Economic activity appears to be improving very gradually despite many uncertainties. Layoffs are less frequent, but few employers are hiring actively. Retail sales were held down in November by unseasonably mild weather, but most merchants contend that Christmas volume will be good, at least compared with last year's depressed level. Many manufacturing companies are continuing to reduce inventories, but others have completed adjustments, and retailers' stocks generally are on the low side. All goods and services are in amp1e supply and most markets are competitive, but prices of manufactured goods continue to rise. Various companies are reevaluating capital spending plans because of ample capacity and high costs of equipment and new construction. Developers of new residential subdivisions are active again after a long period of hibernation.

Retailers complained that warm weather during most of November held down sales of seasonal merchandise. Sales of nonseasonal items were also hurt because of the adverse effect of weather on customer "traffic." Colder weather and snow in recent weeks has had a salutary effect. A revival in sales in December could easily offset the November performance as it has so often in the past. Producers of appliances and television sets have been disappointed by the level of demand for their products. Retail inventories are generally low and could limit total Christmas volume because most buying commitments were made in October.

Sales of autos and small trucks are much improved from last year's depressed level but remain well below the rates of two or three years ago. Most auto industry analysts do not expect that new peaks in sales will be achieved until 1980 or later. Some analysts of markets for appliances and televisions hold similar views.

Sales of heavy trucks remain depressed despite a pronounced pickup in freight movements since last spring. The new brake systems required since March 1 are said to be holding down sales because of fears of malfunctions and resulting heavy damage suits.

Virtually all goods and services are readily available from suppliers. One exception is quality shoes and boots. No significant supply problems are anticipated for petroleum products. Gasoline prices weakened in early November, but part of the decline has since been restored. While markets for most goods are competitive compared with the period prior to the fall of 1974, most prices are holding up or rising further because of cost pressures resulting from boosts in wages and benefits, and rising costs for utilities, insurance, and other needs.

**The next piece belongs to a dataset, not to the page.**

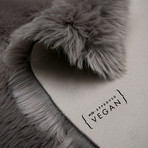 Faux Sheepskin // Animal Shaped // Gray Rug (2'W x 3'L)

Fourth-quarter steel shipments will be the lowest for the year and somewhat below earlier expectations. Heavier steels for equipment have weakened further while demand for steel for consumer products has picked up. Some major projects to expand steel capacity have been halted or are being reevaluated. One steel company says its expansion program is going ahead full steam, but this statement appears to apply to projects already started.

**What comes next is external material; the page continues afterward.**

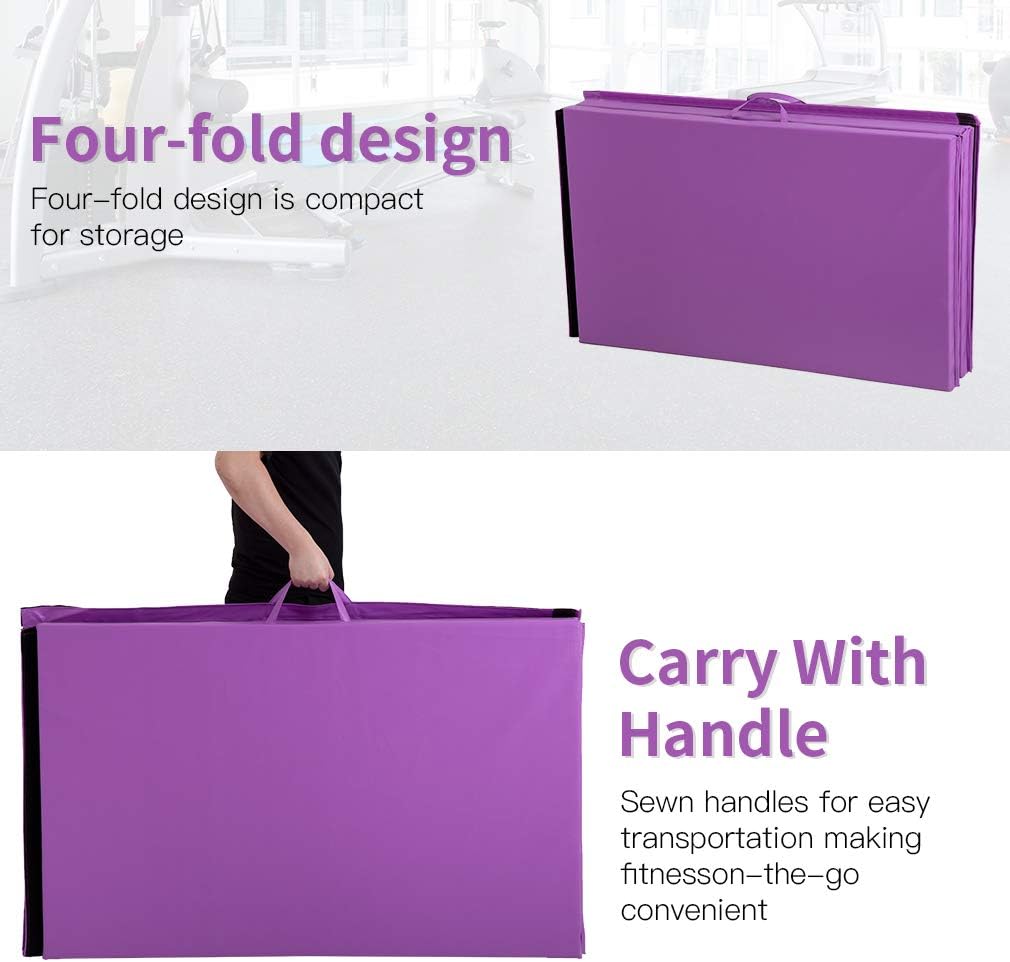 Exercise Mat 2'x6'/4'x8'/4'x10' Gymnastics Mat Folding Gymnastics Tumbling Mats 1.6"-2" Thick PU Leather Yoga Mat Portable With Carrying Handles for home Workout outdoor Yoga Pilates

Some diversified capital goods producers who had been cutting output say that the decline has about ended and that recalls of workers are probable after the turn of the year. New orders for railroad equipment are at very low levels, but shipments have declined only moderately as substantial order backlogs are worked off. Demand for small construction equipment will revive if the expected improvement in home building materializes. Farm equipment sales are expected to rise next year because of higher than expected cash receipts and anticipated heavy plantings of crops.

The dollar volume of transfers of existing homes and apartments has been very high in recent months while prices have been maintained or have increased further. Residential developers are "starting the process" once again after about 18 months of inactivity but mainly for single-family home projects. Construction loans are available at about 10 percent, compared to 14 percent or more during the crunch, but lenders are very careful in evaluating new risks. Inventories of unsold apartments have been reduced substantially, but it is unlikely that new apartment building will rebound vigorously. A large new hotel was started recently in downtown Chicago, and some shopping centers are still being completed. But commercial building prospects remain poor. Office vacancy rates are about 14 percent downtown both in Milwaukee and in Chicago and are even higher in outlying areas. This compared with an "acceptable" rate of 5 to 7 percent.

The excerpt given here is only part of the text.